- [Given entries]

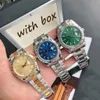 Herr Automation Designer Watch Luxury Watch Date Bara 36/41mm Dial Blue Rostless Steel Band Men's Watch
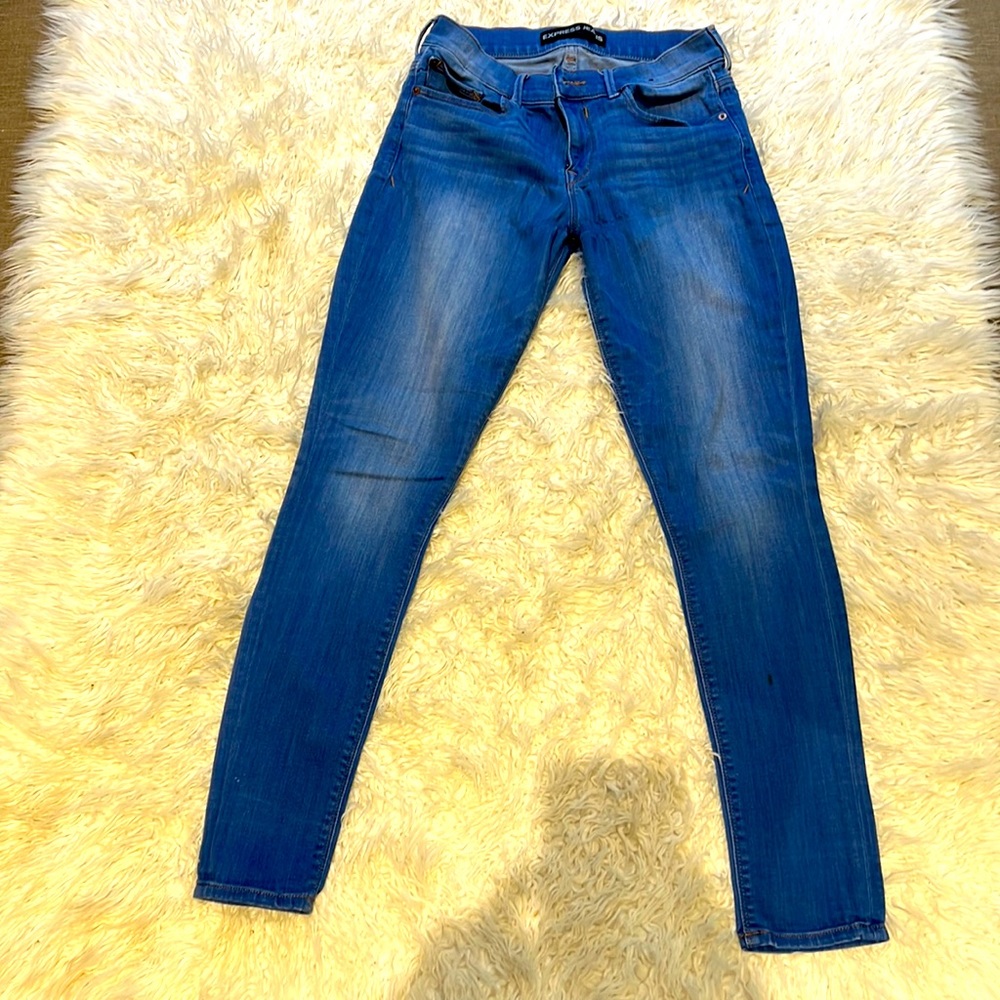 express jeans size 8 - legging MIA- midrise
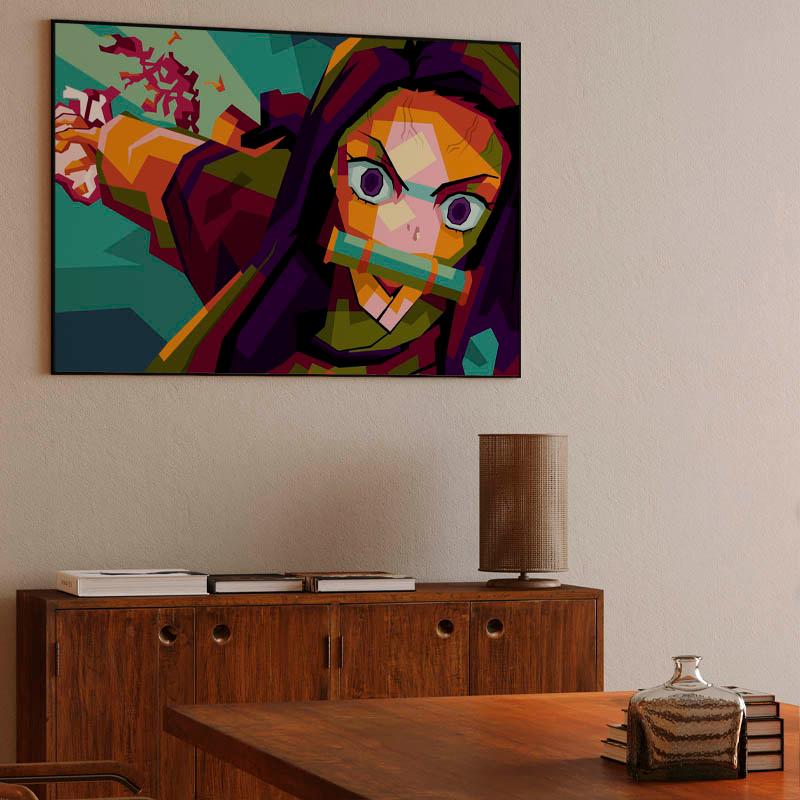 Anime Demon slayers 2 pop art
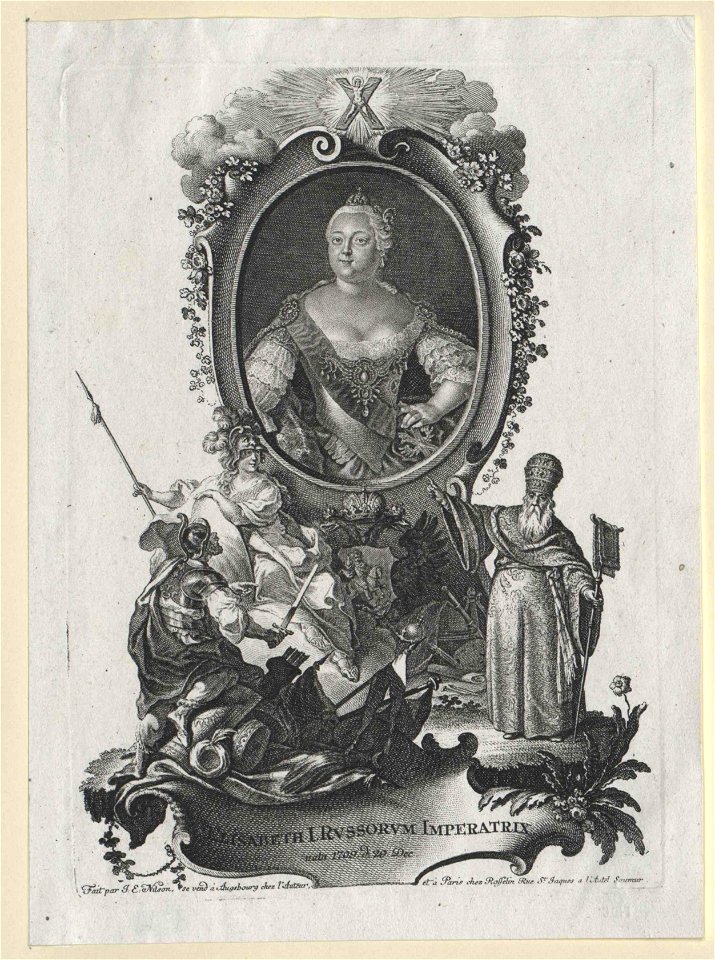 Elizabeth of Russia - engraving 04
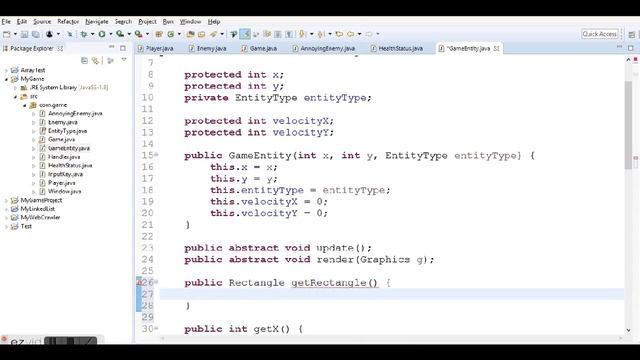 Java Game Programming - #7 - Game Health and Collision смотреть онлайн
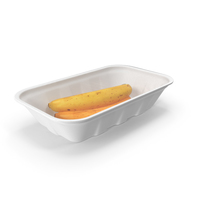 Bananas Wrapped Food Tray PNG & PSD Images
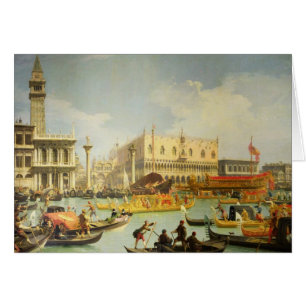 Cartão O Betrothal do Doge Venetian ao Adriático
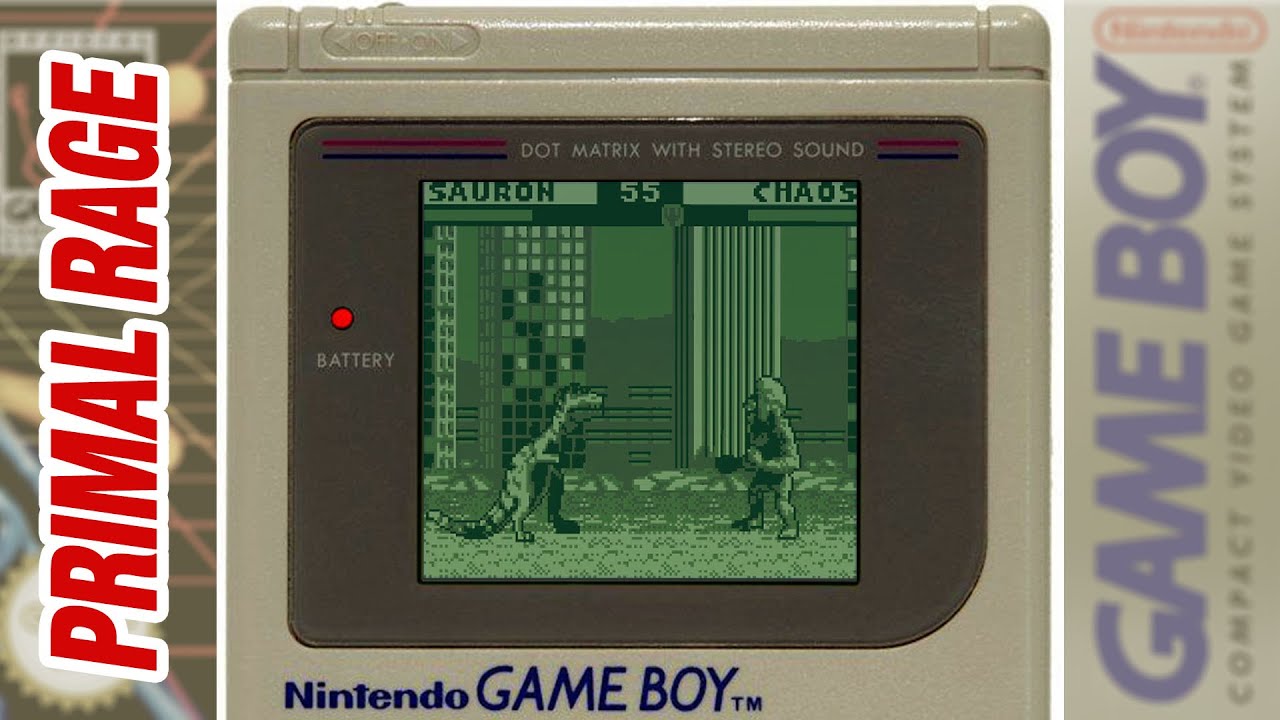 Gameboy Color Primal Rage PRIMAL RAGE (Game Boy) 1995 - YouTube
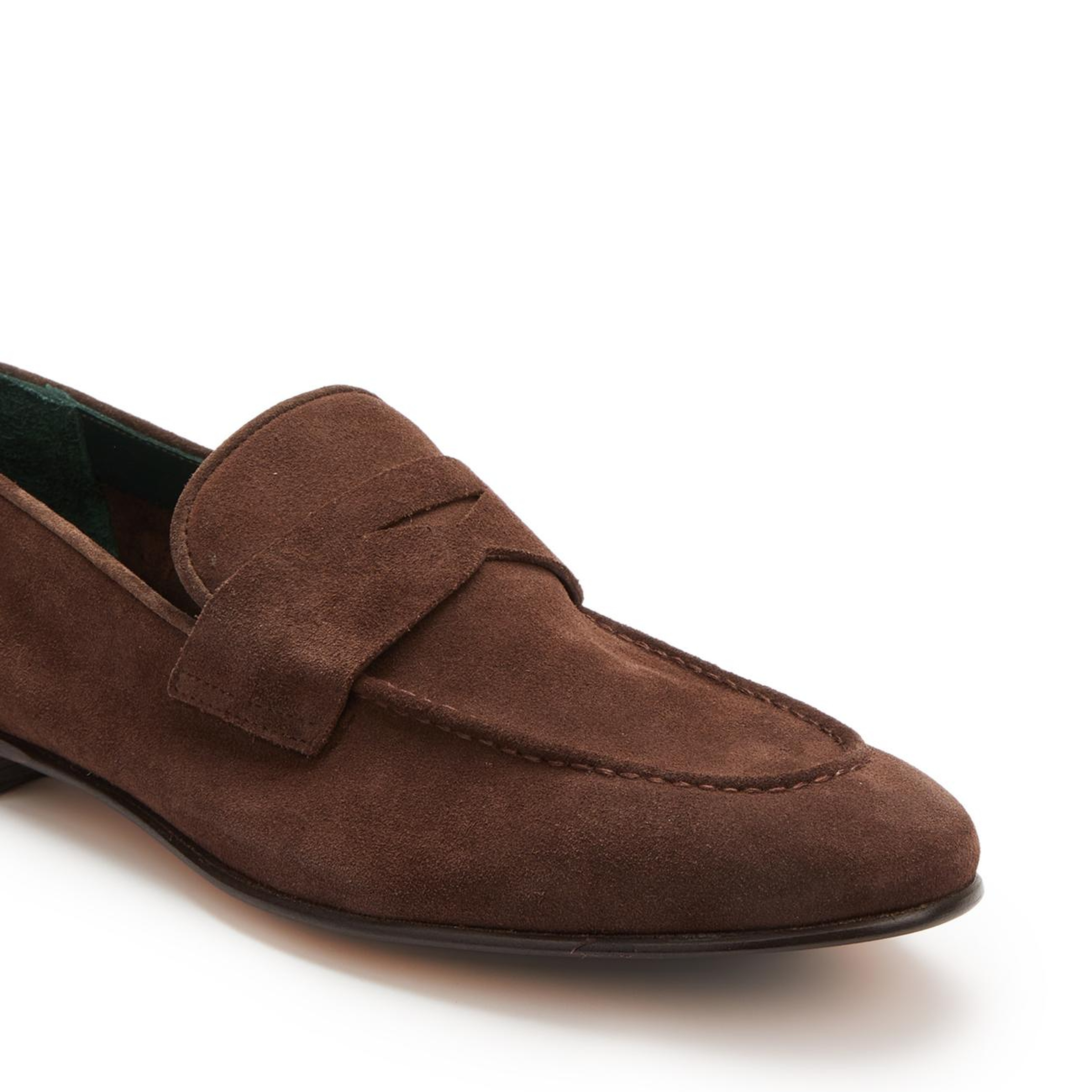 George Hogg Erkek Acı Kahve Astarsız Süet Loafer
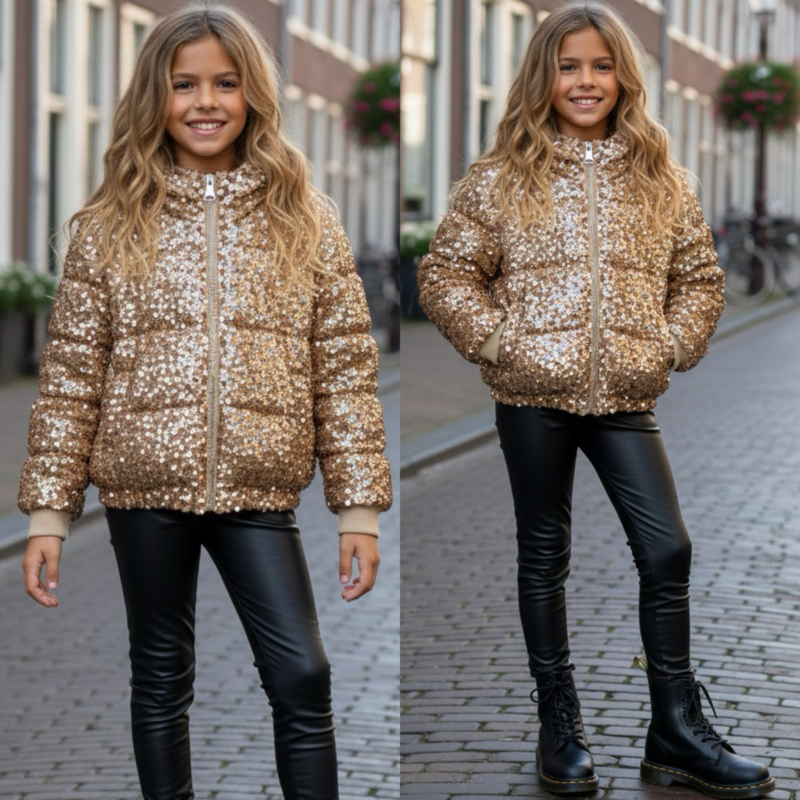 Golden Glow Winter Jacket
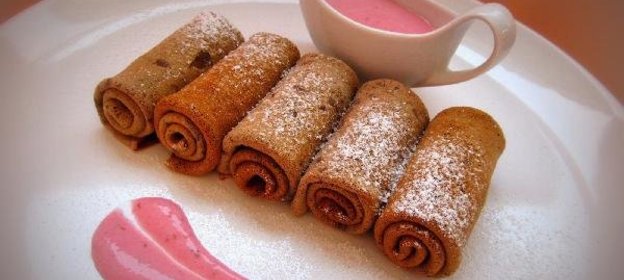 Шоколадные блины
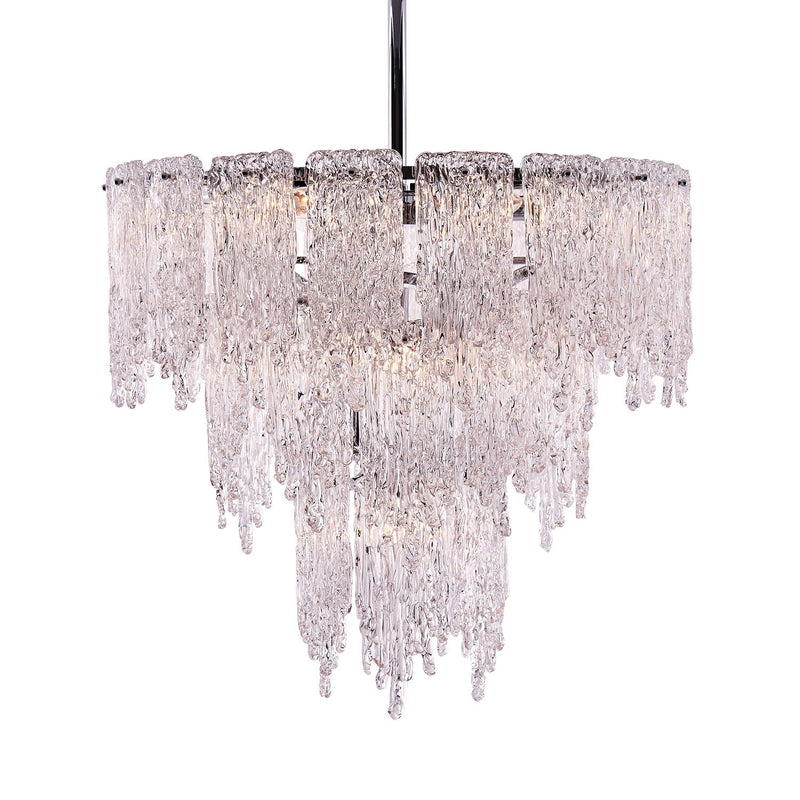 Kalco 523255CH Ten Light Pendant, Polished Chrome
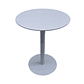 Mesa Metálica Redonda Barcelona Blanca - Miniatura 1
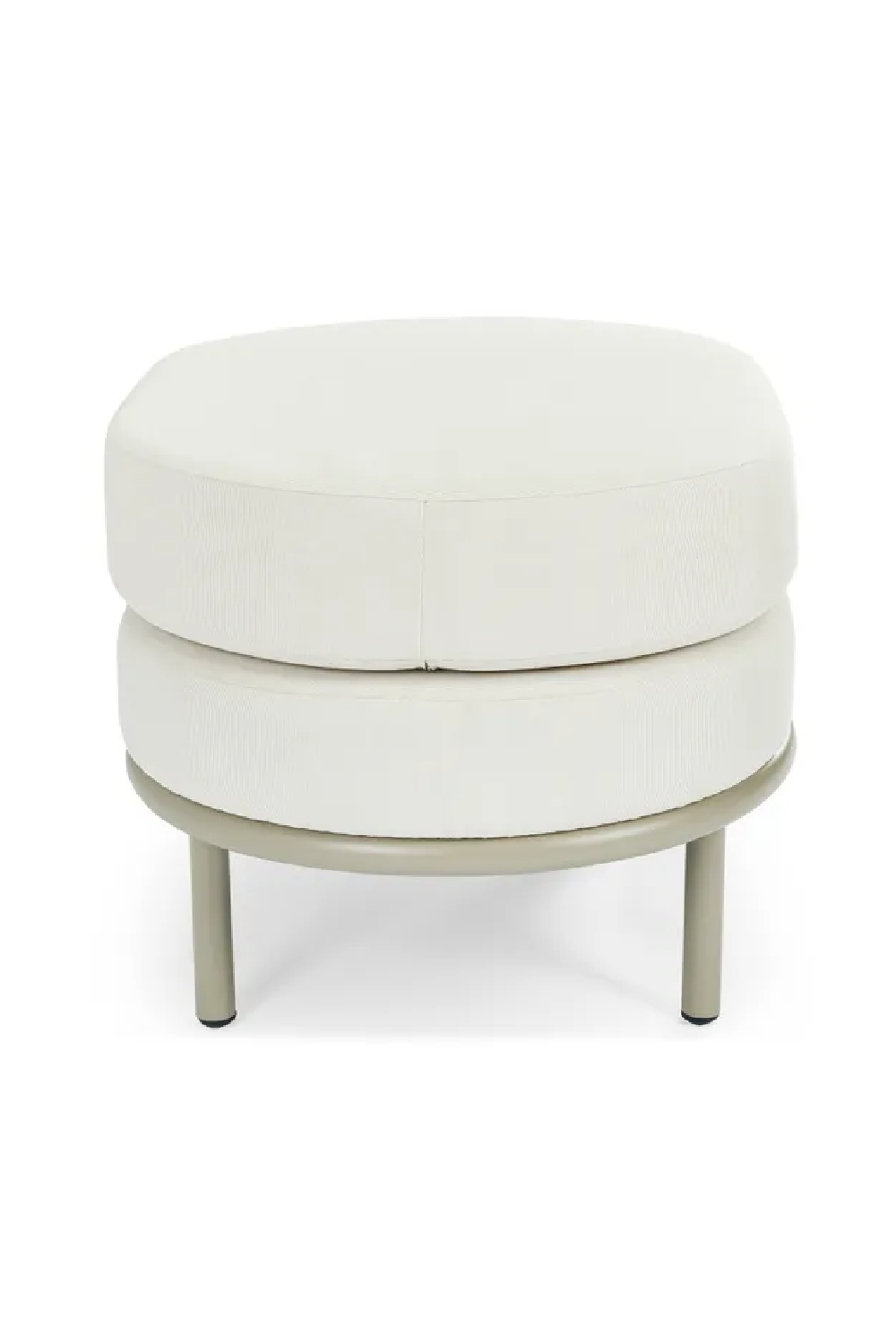 Oval Cushioned Outdoor Pouf | NV Gallery Florentino | Oroa.com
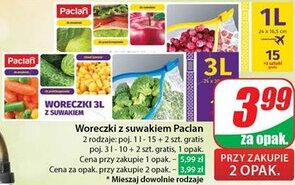 Dino Woreczki z suwakiem Paclan oferta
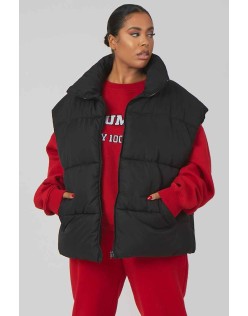 Curve Longline Oversized Gilet Black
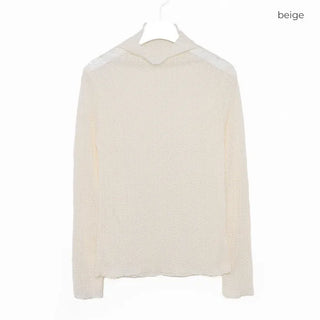 Patterned sheer long T-shirt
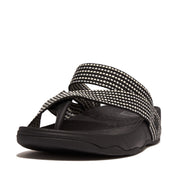 SLING Dotted-Weave Toe-Post Sandals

- [Work item]
In your copy, exclude the pictures and repeat each entry above exactly.

- [Answer to this problem]
 Herr Automation Designer Watch Luxury Watch Date Bara 36/41mm Dial Blue Rostless Steel Band Men's Watch
 express jeans size 8 - legging MIA- midrise
 Anime Demon slayers 2 pop art
 Elizabeth of Russia - engraving 04
 Java Game Programming - #7 - Game Health and Collision смотреть онлайн
 Bananas Wrapped Food Tray PNG & PSD Images
 Cartão O Betrothal do Doge Venetian ao Adriático
 Gameboy Color Primal Rage PRIMAL RAGE (Game Boy) 1995 - YouTube
 George Hogg Erkek Acı Kahve Astarsız Süet Loafer
 Golden Glow Winter Jacket
 Шоколадные блины
 Kalco 523255CH Ten Light Pendant, Polished Chrome
 Mesa Metálica Redonda Barcelona Blanca - Miniatura 1
 Oval Cushioned Outdoor Pouf | NV Gallery Florentino | Oroa.com
 Dino Woreczki z suwakiem Paclan oferta
 Curve Longline Oversized Gilet Black
 Patterned sheer long T-shirt
 SLING Dotted-Weave Toe-Post Sandals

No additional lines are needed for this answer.